Food distribution need to be partnered with specific programs to aid world hunger.
Brussels, BELGIUM (October 16, 2014) — A new report to be presented on World Food Day challenges conventional thinking on food assistance — it’s not just about distributing food packages — and gives new ideas to feed the hundreds of millions of children who go to bed hungry each night.
The report, Telling Our Stories: Leveraging food assistance for a hunger-free world (PDF), published by the humanitarian organization World Vision, suggests that while food assistance plays a critical life-saving role in emergencies, it’s not a long-term solution to achieving a hunger-free world.
“To achieve a long-term solution, food distributions need to be coupled with programs that ensure the hungry are equipped to meet their own food needs long-term,” says Thabani Maphosa, World Vision’s chief of food assistance programs. “For example, at World Vision, 30 percent of our food assistance programs incorporate resilience-building elements, to address the root causes of hunger.”
Presented at a World Food Day event at the European Parliament in Brussels, the report documents examples in food-insecure countries such as Uganda, Niger and Myanmar, of hungry people receiving food or cash to meet their immediate needs and in return working on community projects that could end their reliance on food assistance in the future.
World Vision is one of the world’s largest deliverers of food assistance and its projects include the planting of drought-resistant trees to improve soil quality and improve water retention, the construction of water-harvesting structures, the rehabilitation of degraded land, the creation of water channels for irrigation, and building structures to support advanced gardening techniques.
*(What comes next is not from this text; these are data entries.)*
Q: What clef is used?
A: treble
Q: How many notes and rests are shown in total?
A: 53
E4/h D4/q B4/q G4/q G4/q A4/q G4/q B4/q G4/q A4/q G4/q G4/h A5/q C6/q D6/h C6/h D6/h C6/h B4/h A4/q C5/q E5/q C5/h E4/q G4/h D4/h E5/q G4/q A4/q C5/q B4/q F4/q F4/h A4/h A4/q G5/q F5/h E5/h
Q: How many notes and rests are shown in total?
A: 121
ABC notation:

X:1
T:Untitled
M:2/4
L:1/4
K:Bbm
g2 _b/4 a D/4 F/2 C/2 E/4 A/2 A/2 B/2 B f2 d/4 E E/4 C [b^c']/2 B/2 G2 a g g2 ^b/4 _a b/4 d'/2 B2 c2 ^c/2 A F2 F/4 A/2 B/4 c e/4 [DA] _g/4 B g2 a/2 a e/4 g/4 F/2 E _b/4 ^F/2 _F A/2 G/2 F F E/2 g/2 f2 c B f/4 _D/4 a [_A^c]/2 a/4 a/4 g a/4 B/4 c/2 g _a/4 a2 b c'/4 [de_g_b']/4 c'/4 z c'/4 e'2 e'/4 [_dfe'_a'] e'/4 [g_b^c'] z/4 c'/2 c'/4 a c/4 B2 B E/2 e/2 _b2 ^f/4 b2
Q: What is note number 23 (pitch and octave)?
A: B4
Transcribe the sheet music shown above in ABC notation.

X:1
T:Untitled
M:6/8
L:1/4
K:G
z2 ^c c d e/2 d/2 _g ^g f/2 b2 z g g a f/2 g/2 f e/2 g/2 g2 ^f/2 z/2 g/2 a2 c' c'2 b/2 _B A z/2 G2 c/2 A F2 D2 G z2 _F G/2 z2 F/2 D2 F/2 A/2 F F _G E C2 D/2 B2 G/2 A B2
Among beneficiaries featured in the Telling our Stories report is Masemakaleng Kabane, 59, a HIV-positive grandmother from Lesotho responsible for the care of seven children. While receiving food assistance to take care of her family’s immediate needs, she was supported to construct a “keyhole” garden—where vegetables are grown on a raised bed made of recycled materials. The technology allows labor-constrained households to grow nutritious food even with poor soil and moisture conditions. Today, Masemakaleng produces vegetables all year round, sells surpluses to neighbors, and teaches them how to manage their own gardens.